Modern satellite communication systems provide a robust and reliable infrastructure to distribute voice, data, and video signals for global exchange and broadcast of information. These satellite communication systems have emerged as a viable option to terrestrial communication systems for carrying data traffic such as Internet traffic. A typical satellite Internet system comprises subscriber terminals, a satellite, a ground station, and connectivity to the internet. Communication in such a system occurs along two paths: 1) a forward path comprising an uplink from a subscriber terminal to the satellite to a downlink to the ground station to the internet; and 2) a return path comprising a path from the internet to the ground station to an uplink to the satellite to a downlink to the subscriber terminal.
Adaptive coding and modulation (ACM) is a technique used in some satellite systems to adapt the modulation and/or forward error correction (FEC) coding of the transmitted waveform to the conditions of the link as appropriate for each receiving terminal. Per-terminal link conditions might be affected by substantially static factors such as antenna pointing accuracy of a transmitting or receiving terminal, as well as by dynamic factors such as changing weather attenuation affecting uplink or downlink propagation. The objective of ACM is to meet a target receive signal quality at the destination of the communication path (e.g., bit error rate, packet loss rate, or other metric) while maximizing link capacity (e.g., bits/symbol or bits/Hertz).
ACM might be used to optimize a point-to-point communication link, such as from a terminal transmitting an uplink carrier, through a transponded, bent-pipe, satellite, to a terminal receiving the transponded carrier on the downlink. ACM may also be used to optimize point-to-multipoint links, such as an uplink carrier transmitted through a bent pipe satellite to a set of receivers within the same downlink spot beam, onto which carrier are multiplexed data packets each destined to one or more of the several receiving terminals.

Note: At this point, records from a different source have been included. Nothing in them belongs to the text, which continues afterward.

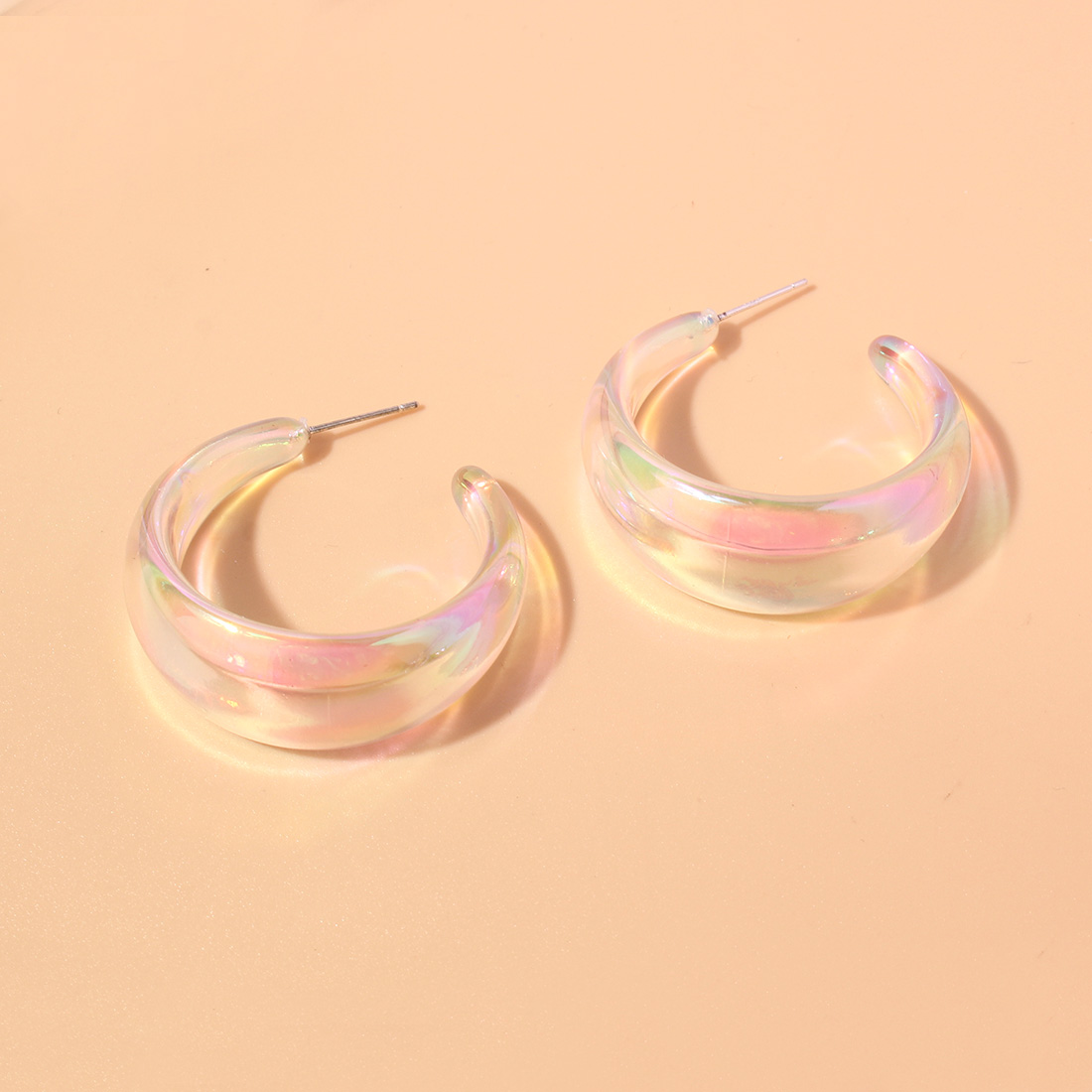 1 Pair Cute Simple Style C Shape Plastic Ear Studs display picture 6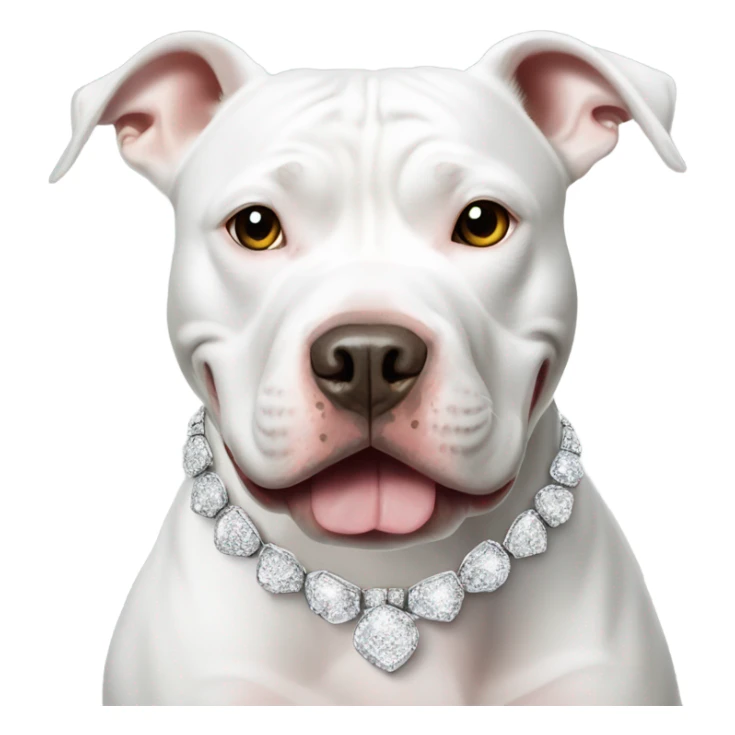 white pitbull with bling necklace and earrings sticker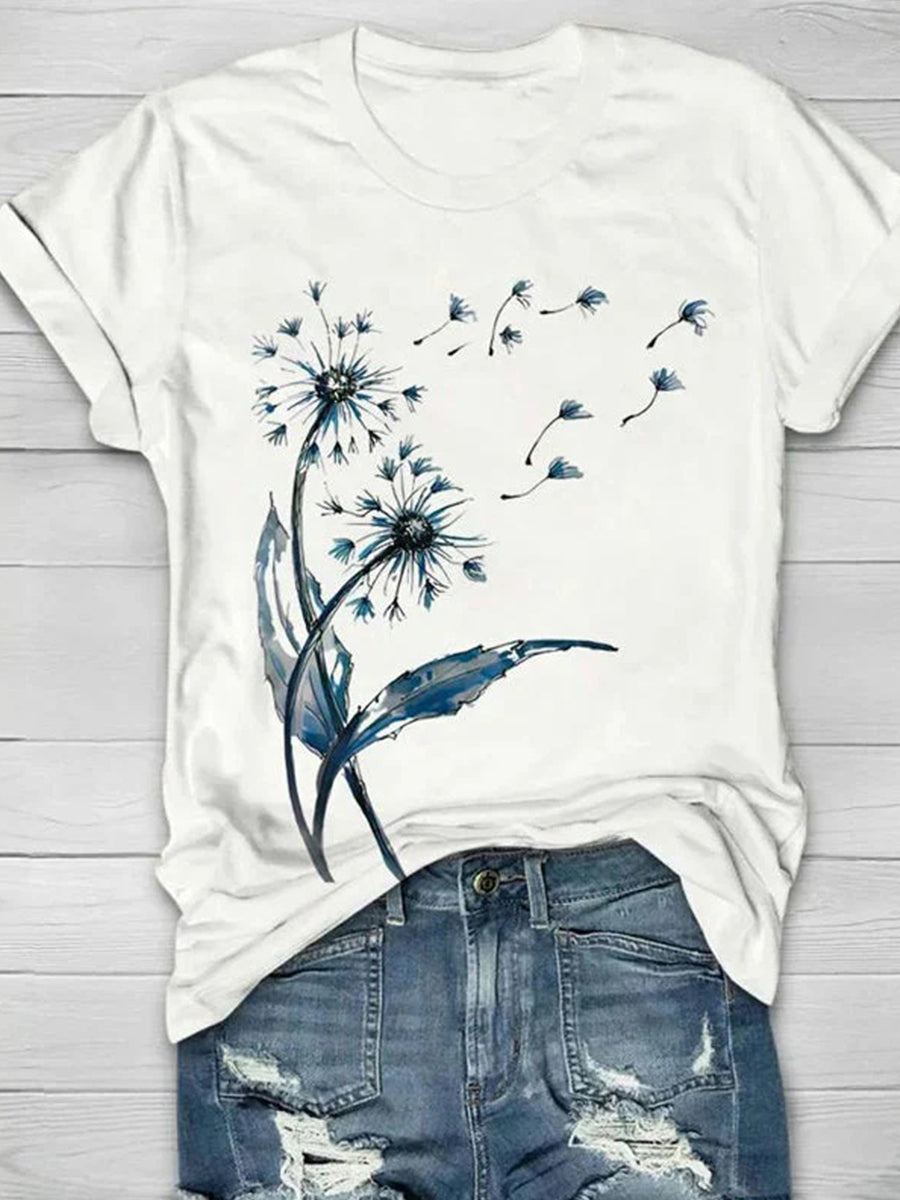 LilyWish Vintage Dandelion Print Round Neck Short Sleeve T-Shirt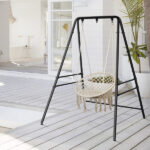 133*137*180cm Wrought Iron Four-Legged Standing 200kg Three Rings Hanging Chair Frame Black - Image 2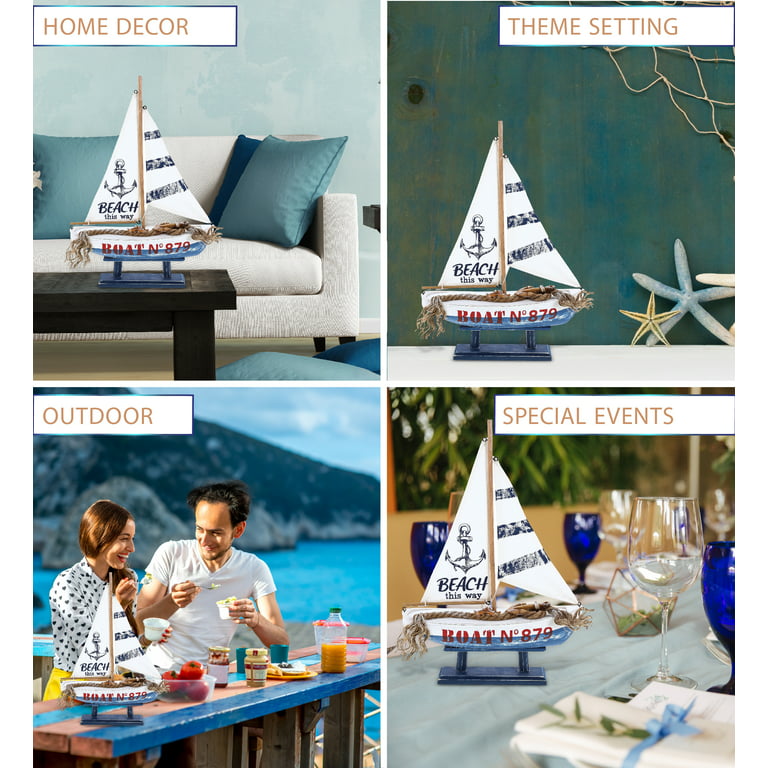 Cota Global Ocean Blue Sailboat Decor - Large Handmade Wooden Boat Decor Cute Beach Style Model Sail Boat Decorations, Nautical Themed Table Top Decor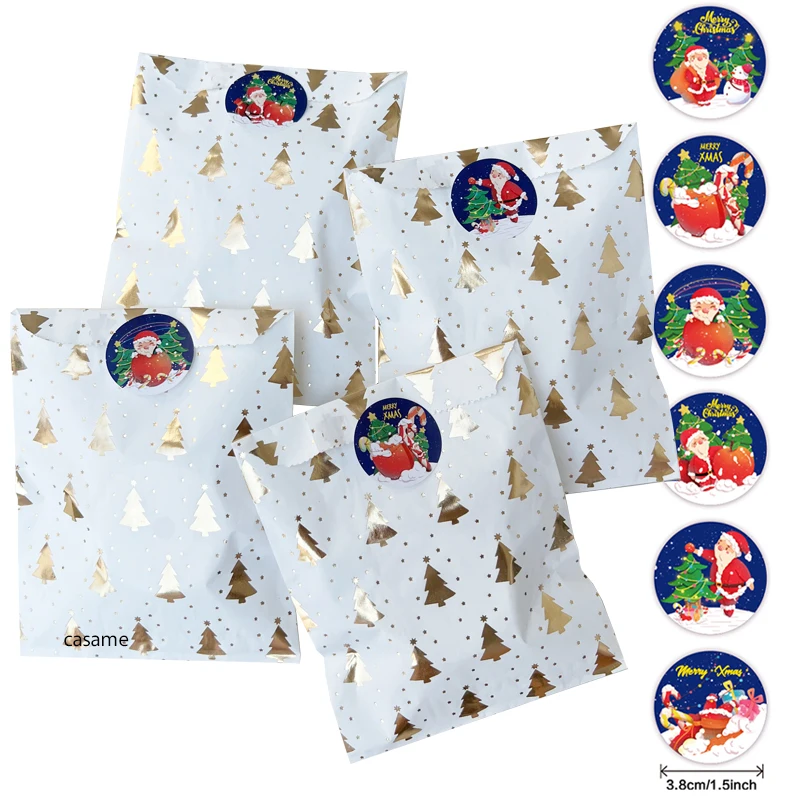 Santa Claus Snowman Christmas Gift Kraft Paper Biscuit Candy Bags Gift Packing Pouch Party Dessert Bar Bag Snack Cookie stickers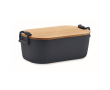 Lunchbox met bamboedeksel en 2 zijsluitingen 700ml kleur marineblauw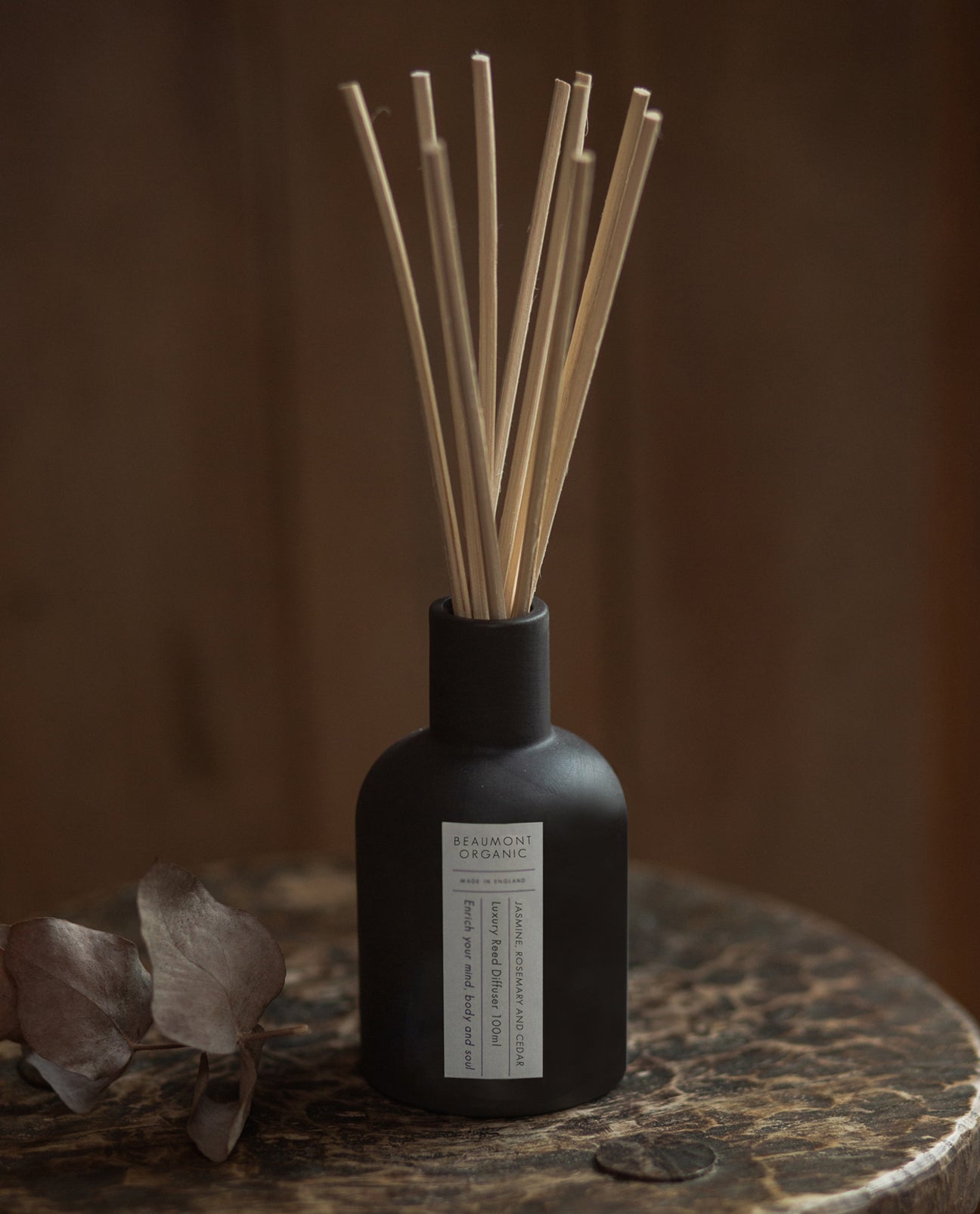 Jasmine, Rosemary and Cedar 100ml Reed Diffuser in Graphite Black Ceramic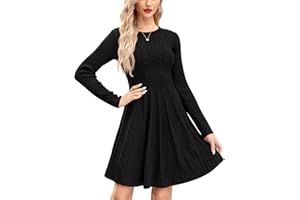 For G and PL Damen Strickkleid Tailliert Pulloverkleid Winter Kleid Lang Warm Elegant Rundhals S-XXL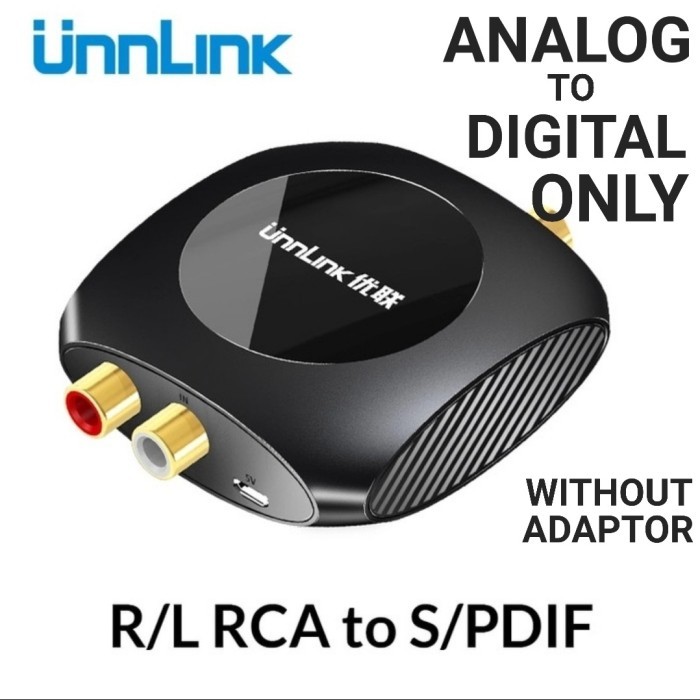 UNNLINK Analog to Digital Audio Converter ADC 96KHz RCA to Optic & Kbl - ADC ONLY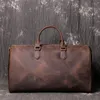 Duffel Bags Luufan Echtes Leder Herren Reisetasche Rindsleder Großes Gepäck für Mann Crazy Horse Crossbody Hand Schulter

To date, ACM techniques have not been applied in regenerative satellite systems. In a regenerative satellite system, the satellite itself has digital processing hardware. This provides several advantages. First, the regenerative satellite demodulates, decodes, encodes, and remodulates the digital uplink signal to form a downlink signal. This provides separation of the uplink from downlink by regenerating the digital signal and can save in the link budget's signal strength. Second, this digital on-board processing permits the satellite to take the data packets it receives on the uplink and route or switch it to particular downlink locations. Additionally, satellite demodulators on the uplink may be assigned to particular uplink spotbeams to listen to assigned uplink frequencies, i.e., uplink sub-bands. The satellite's uplink antennas and demodulators are able to separate and differentiate signals from satellite terminals transmitting from these uplink spot beams. This allows reuse of a same frequency in different uplinks, providing a major increase in frequency efficiency.